Proprio sfruttando questa posizione di vantaggio, il governo sudanese aveva imposto a Juba una tassa di 32 dollari su ogni barile di petrolio transitato attraverso i suoi oleodotti e proveniente dal Sud Sudan, il quale si rifiutò di pagare se non in minima parte (un dollaro al barile). La reazione di Khartoum fu il sequestro di due petroliere battenti bandiera sudsudanese, ormeggiate in uno dei suoi porti, scatenando una serie di reazioni a catena che sfociarono in schermaglie tra i due eserciti e la decisione di Juba di sospendere la produzione di petrolio, annullando praticamente il PIL del paese.

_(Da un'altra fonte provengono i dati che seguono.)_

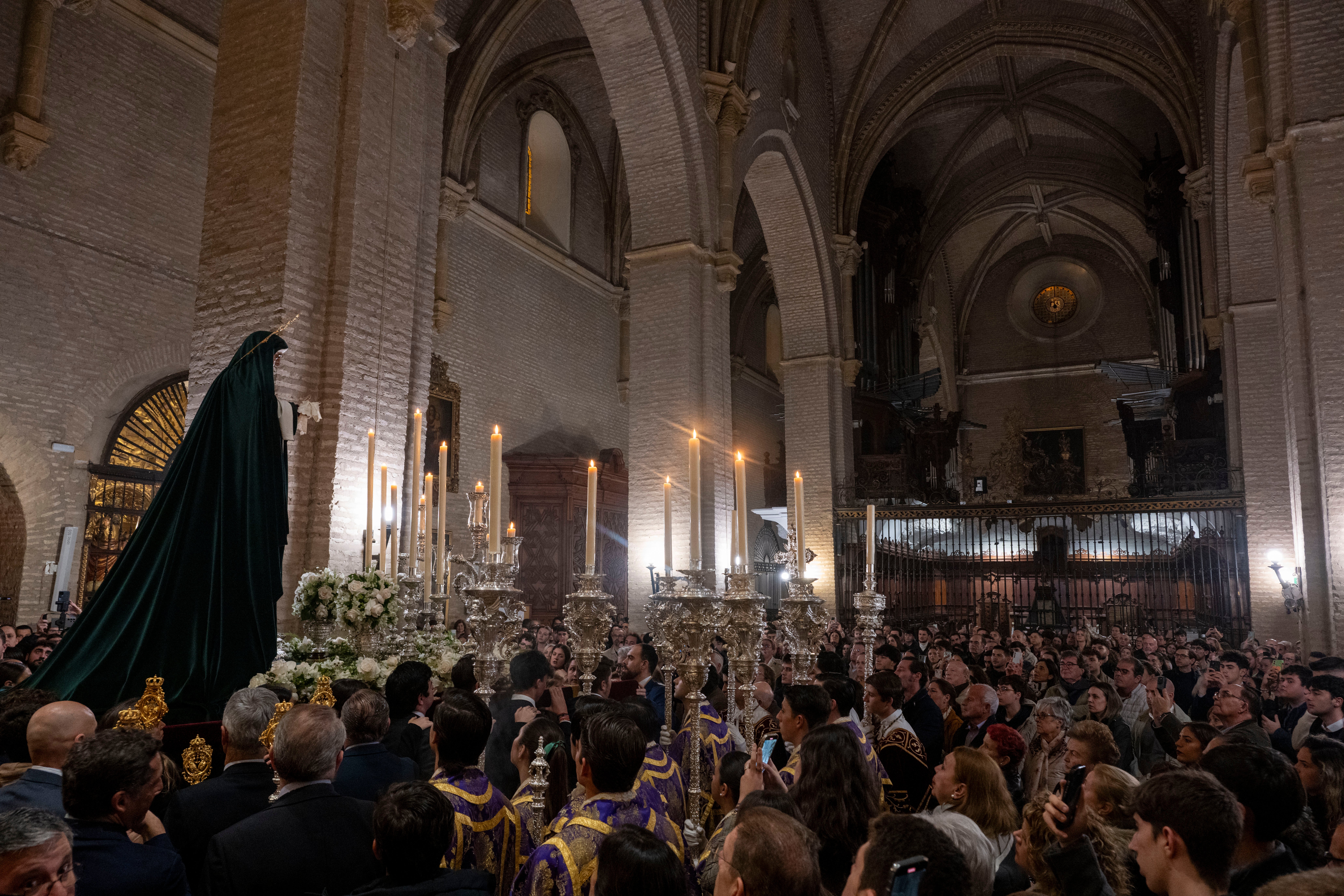 El traslado de la Esperanza de Triana, en imágenes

Ora che un accordo sulla commissione che Juba deve versare a Khartoum sembra essere stato trovato, il ministro delle finanze sudsudanese Marial Awou Yol ha annunciato che il ministero del petrolio e delle attività minerarie ha programmato per dicembre la ripresa delle attività estrattive, con una riscossione dei primi pagamenti a gennaio dell’anno venturo, per raggiungere infine a giugno 2013 una produzione a pieno regime.
Sembra quindi scongiurato il timore di un collasso finanziario del paese, i cui conti non godono (e in verità non hanno mai goduto) di buona salute, e le cui entrate derivano in sostanza interamente dalla vendita del greggio.